■ Work request:
Return the records that follow unaltered. Omit every picture.
= Beginning of Section =
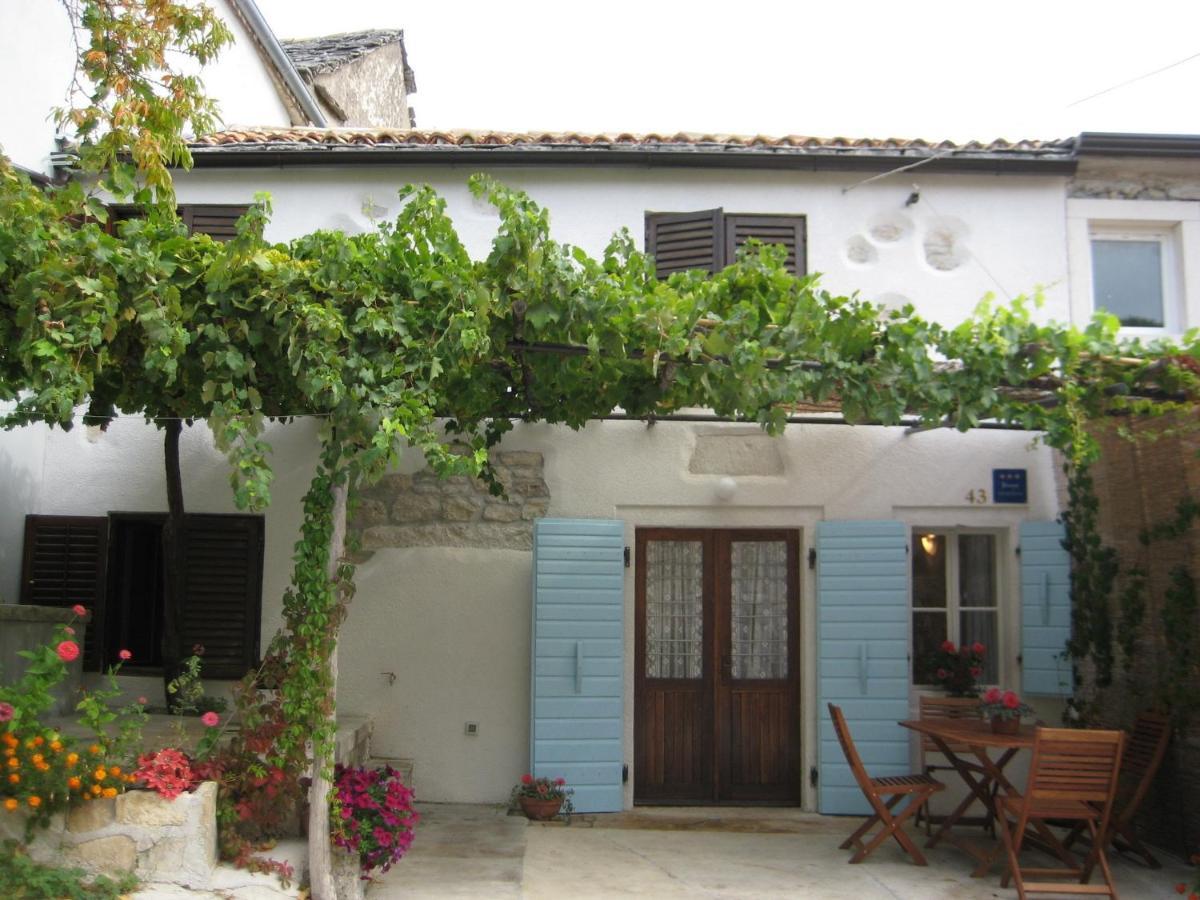 Holiday Home Trostova Kuca Pazin Rum bild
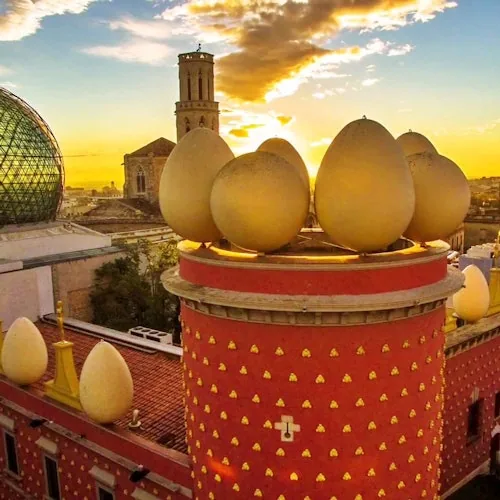 Egg-topped architecture of the Dalí Theatre-Museum in Figueres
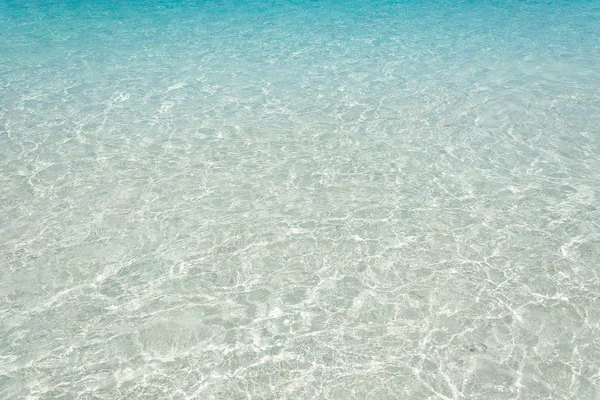 Mare sulla spiaggia di sabbia — Foto Stock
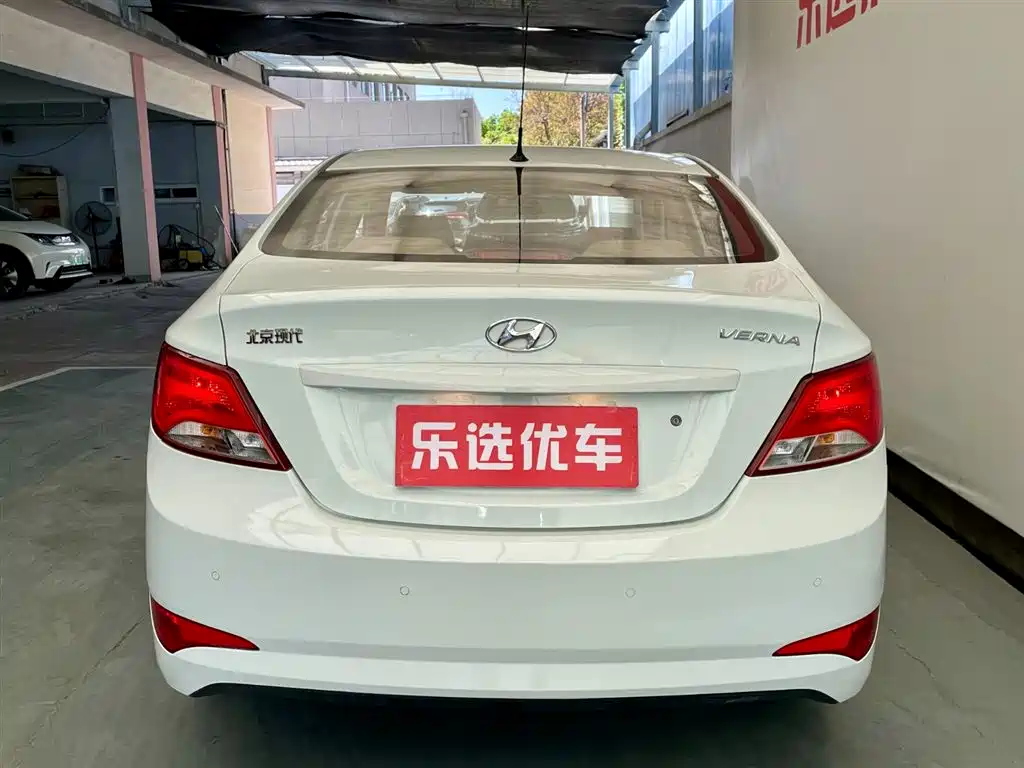 Accent 1.4 L Auto Intelligent GLS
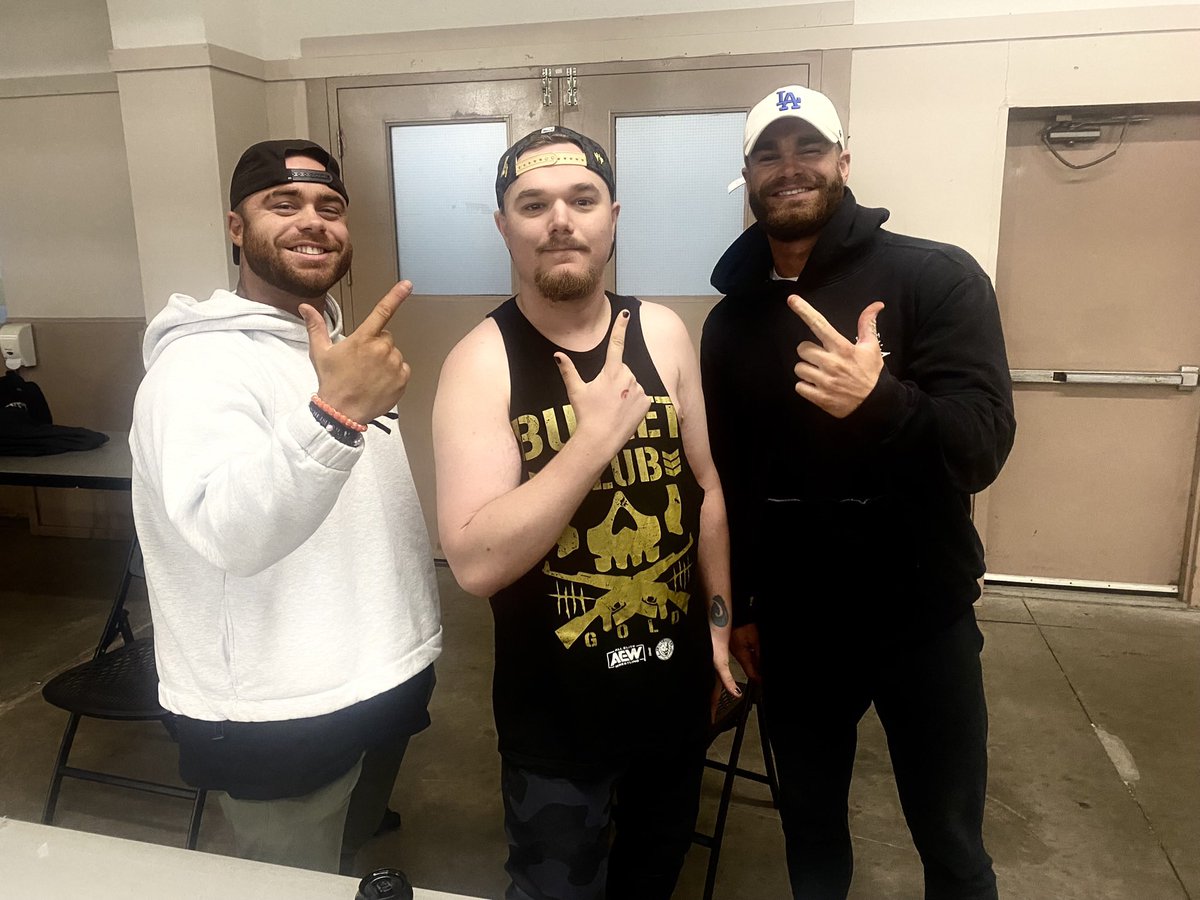 PrettyFNDeadly's tweet photo. I can now proudly say that Iβve met 2/3rds of the NEW @ringofhonor 6 Man Tag Team Champions, @theaustingunn and @coltengunn
#BANGBANGGANG
#THROWEMUP https://t.co/Sp7sr7lFnh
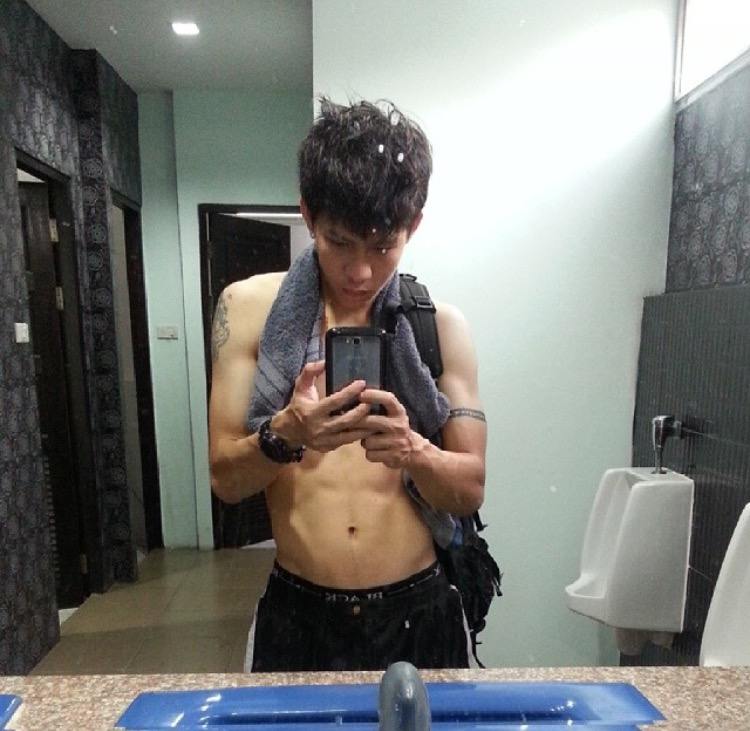 หนุ่มใหม่ #พ่อค้าแซ่บ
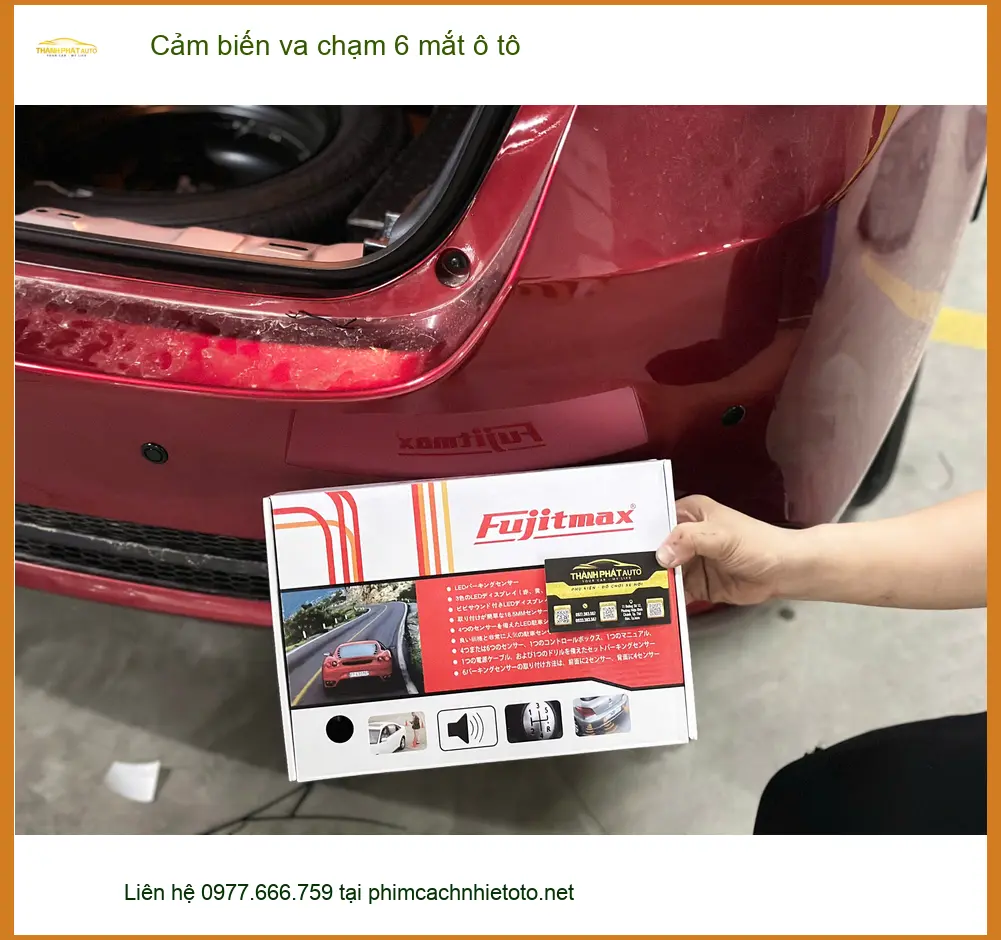 Anh Lâm lắp cảm biến va chạm 6 mắt ô tô cho Kia Sorento tại Quận 4 an tâm phố đông. ảnh thực tế 2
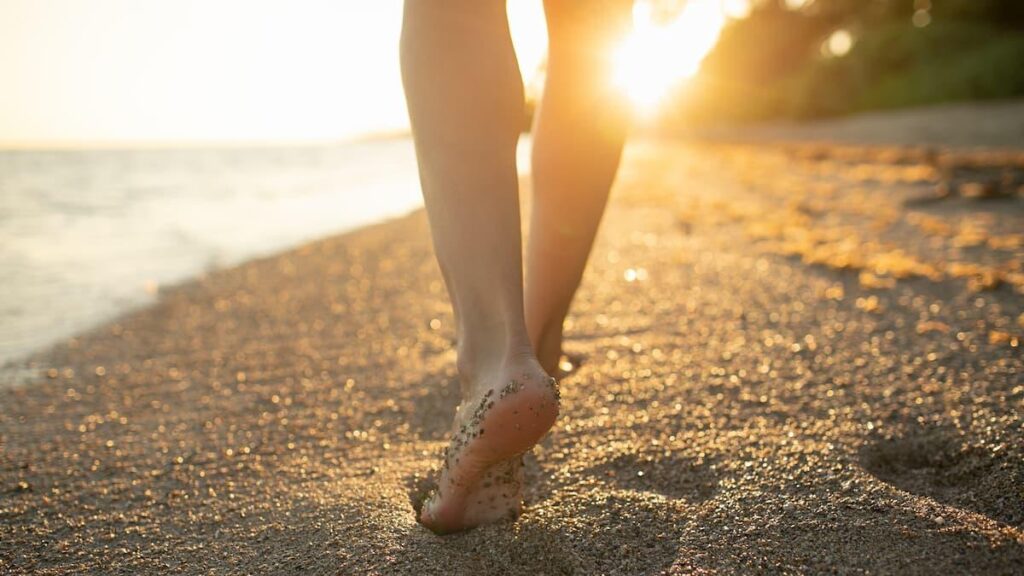 camminare in spiaggia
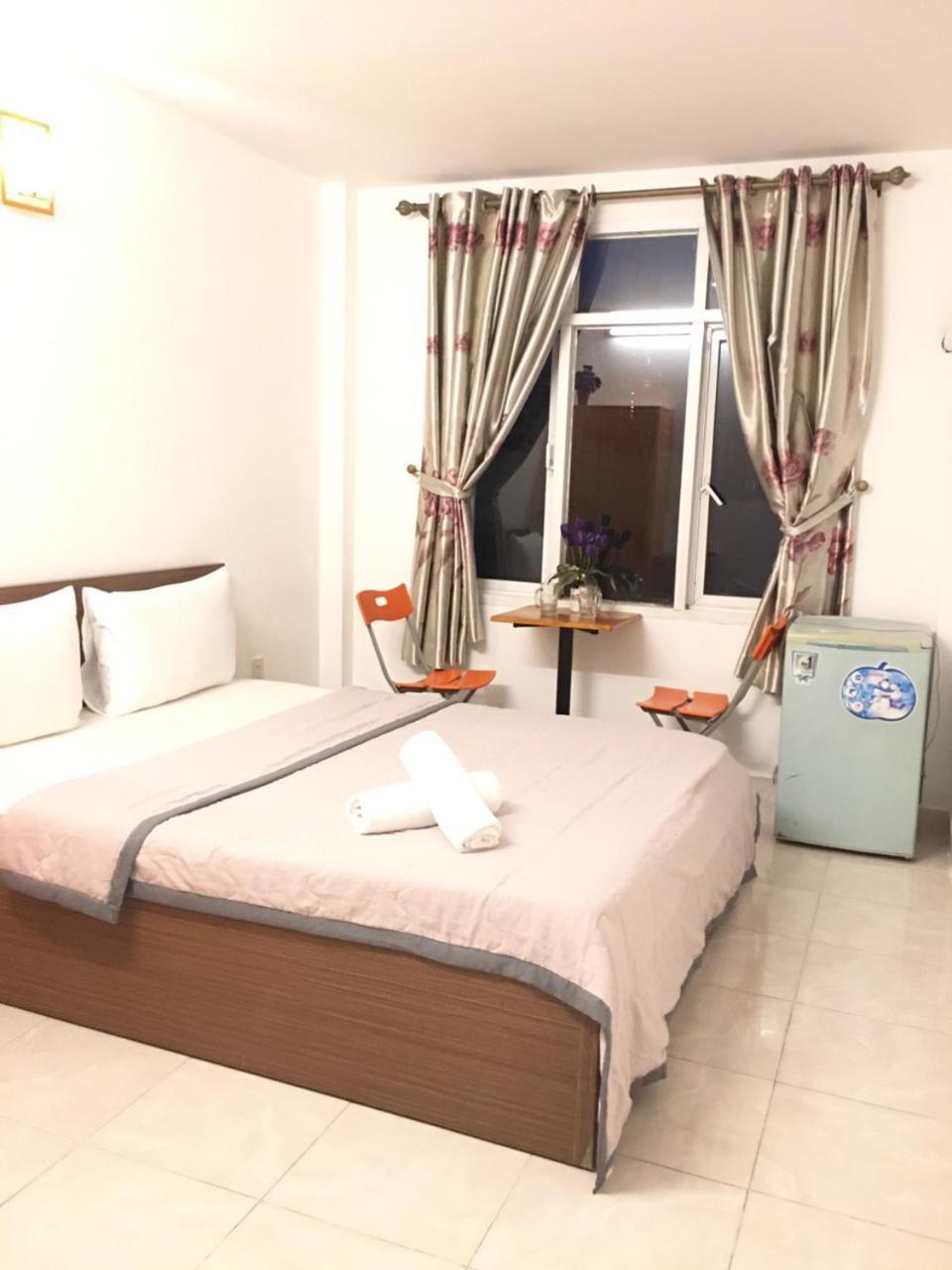 Thanhha Guesthouse At Bui Vien Walking Street Ho Si Minh-város Kültér fotó
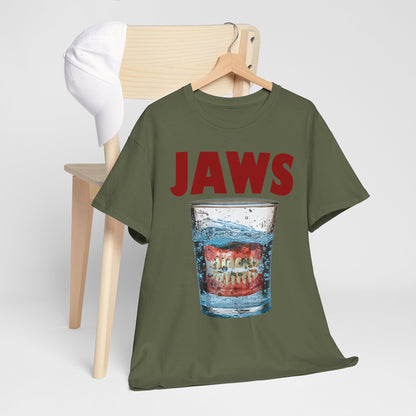 "Jaws" - parodia z protezą w szklance wody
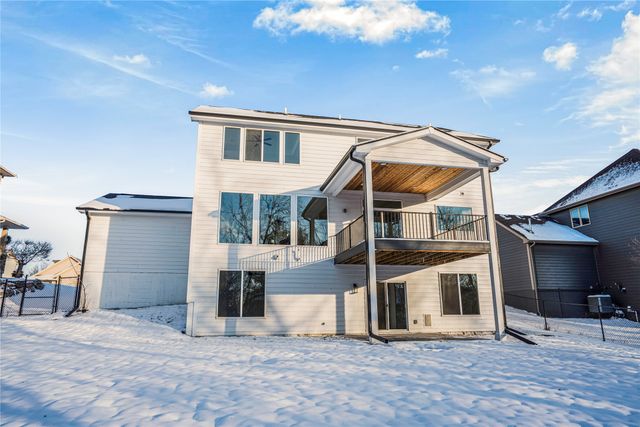 4500 NW 167th Street, Clive, IA 50325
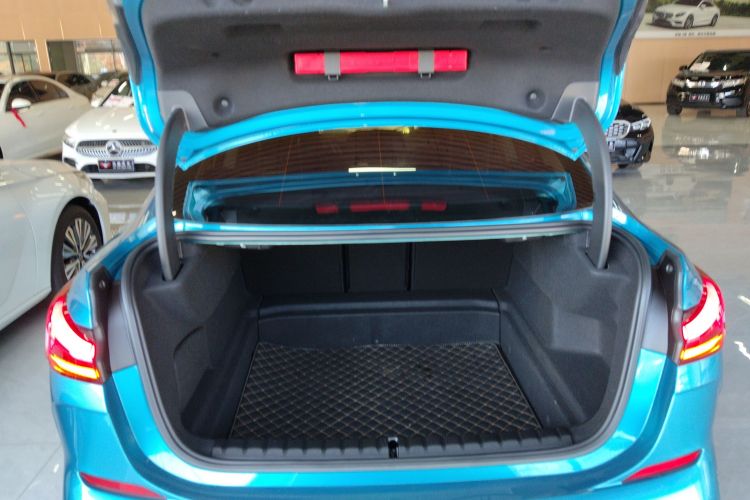 宝马2系(进口) 2023款 225i 四门轿跑车 M运动套装机舱底盘23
= End of Section =
■ Problem solution:
 Holiday Home Trostova Kuca Pazin Rum bild
 Egg-topped architecture of the Dalí Theatre-Museum in Figueres
 Mare sulla spiaggia di sabbia — Foto Stock
 Accent 1.4 L Auto Intelligent GLS
 PrettyFNDeadly's tweet photo. I can now proudly say that Iβve met 2/3rds of the NEW @ringofhonor 6 Man Tag Team Champions, @theaustingunn and @coltengunn
#BANGBANGGANG
#THROWEMUP https://t.co/Sp7sr7lFnh
 หนุ่มใหม่ #พ่อค้าแซ่บ
 Anh Lâm lắp cảm biến va chạm 6 mắt ô tô cho Kia Sorento tại Quận 4 an tâm phố đông. ảnh thực tế 2
 camminare in spiaggia
 Thanhha Guesthouse At Bui Vien Walking Street Ho Si Minh-város Kültér fotó
 "Jaws" - parodia z protezą w szklance wody
 4500 NW 167th Street, Clive, IA 50325
 宝马2系(进口) 2023款 225i 四门轿跑车 M运动套装机舱底盘23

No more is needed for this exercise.